Bacaini.ID, KEDIRI – Jepang telah kalah oleh Sekutu. Melalui siaran radio luar negeri, Sutan Sjahrir mendengar kabar itu.
Sjahrir yang kelak mendirikan Partai Sosialis Indonesia (PSI) diam-diam memantau situasi politik global melalui jaringan radio Sekutu.
Sjahrir bahkan sudah menganalisa kekalahan Jepang sejak 10 Agustus 1945.
Keputusan Presiden AS Harry Truman menjatuhkan bom atom di Hiroshima dan Nagasaki telah diketahuinya.
Analisanya terbukti. Pasca bom atom meledak, Kaisar Hirohito menyatakan Jepang menyerah kalah. Jaringan radio luar negeri menyiarkannya.

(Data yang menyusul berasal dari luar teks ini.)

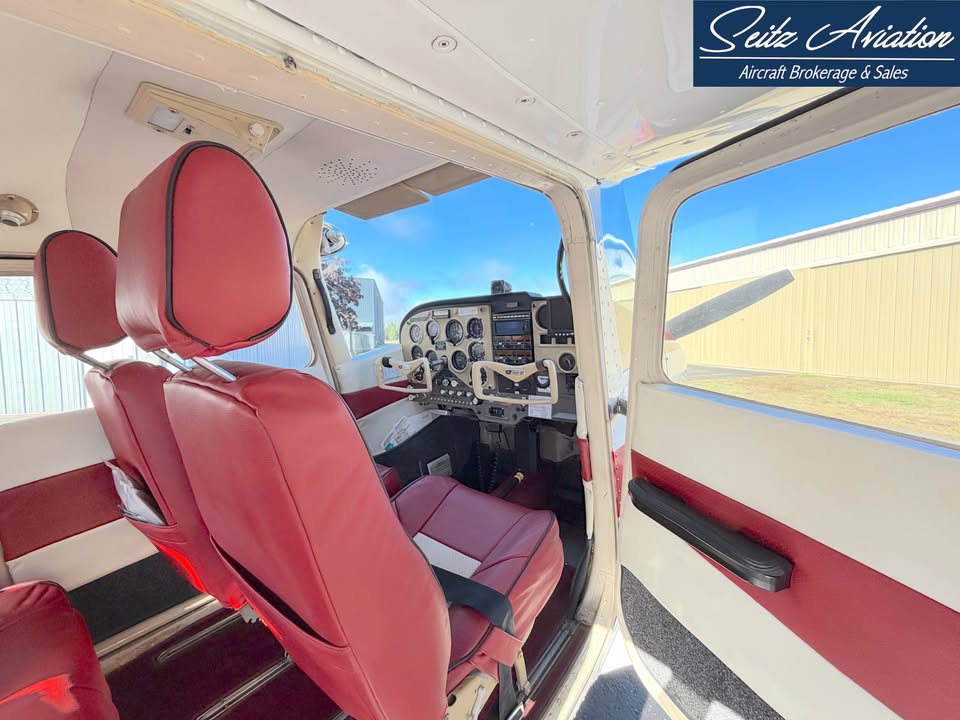 1964 Cessna 172E 180 HP - Factory New, photo 13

Tiba di bandara Kemayoran Jakarta pada 14 Agustus 1945 setelah sebelumnya dari Saigon, Soekarno-Hatta disambutnya.
Sjahrir menyampaikan kabar itu. Juga berpidato meminta Bung Karno dan Bung Hatta segera mempercepat kemerdekaan Indonesia.

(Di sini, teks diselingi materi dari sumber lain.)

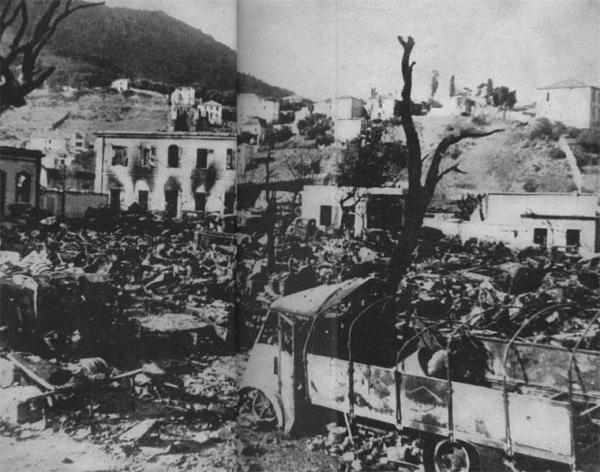 Corsica, settembre 1943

Namun keduanya tidak mempercayai informasi yang disampaikan Sutan Sjahrir. Kabar kekalahan Jepang oleh Sekutu sulit diterima.
“Soekarno dan Hatta belum percaya dan mencari konfirmasi dari pembesar/panglima Jepang,” demikian dikutip dari buku Sutan Sjahrir, Demokrat Sejati, Pejuang Kemanusiaan (2010).

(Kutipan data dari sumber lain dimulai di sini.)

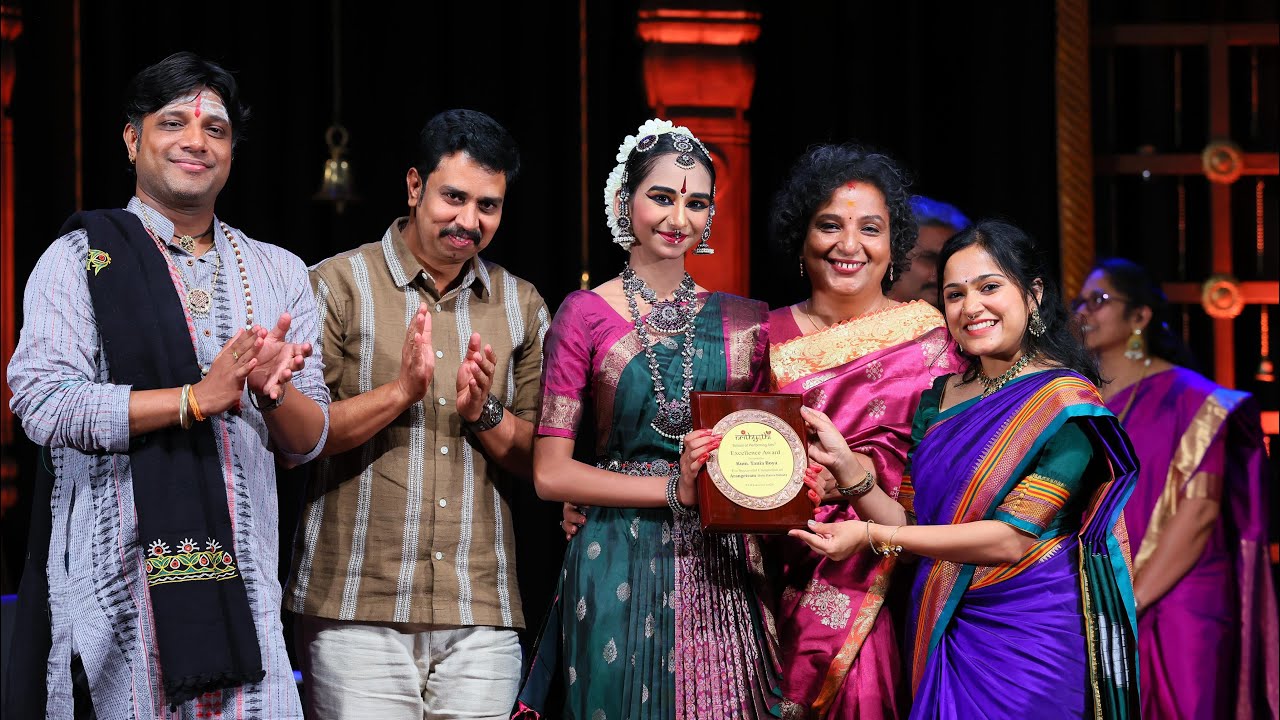 Tania Boya - Arangetram @ CMRIT auditorium, Bangalore on Saturday, 31st Jan 2026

Proklamasi 15 Agustus 1945
Baik Bung Karno maupun Bung Hatta tetap pada pendiriannya. Bagi mereka Jepang mustahil akan kalah perang.
Karenanya mereka tetap berpegang pada rencana semula. Proses kemerdekaan Indonesia melibatkan para anggota Panitia Persiapan Kemerdekaan Indonesia (PPKI).
Isu pun berkembang di kalangan para aktivis pergerakan. Sjahrir dan sejumlah pemuda pejuang menolak proklamasi kemerdekaan hasil skenario Jepang.
Pada sisi lain Sutan Sjahrir tidak berhenti mendesak proklamasi kemerdekaan secepatnya dilakukan.
Ia diam-diam menyiapkan para pengikut bawah tanahnya di daerah-daerah.
“Disiagakan untuk memproklamasikan sendiri kemerdekaan, apabila gagal di Jakarta”.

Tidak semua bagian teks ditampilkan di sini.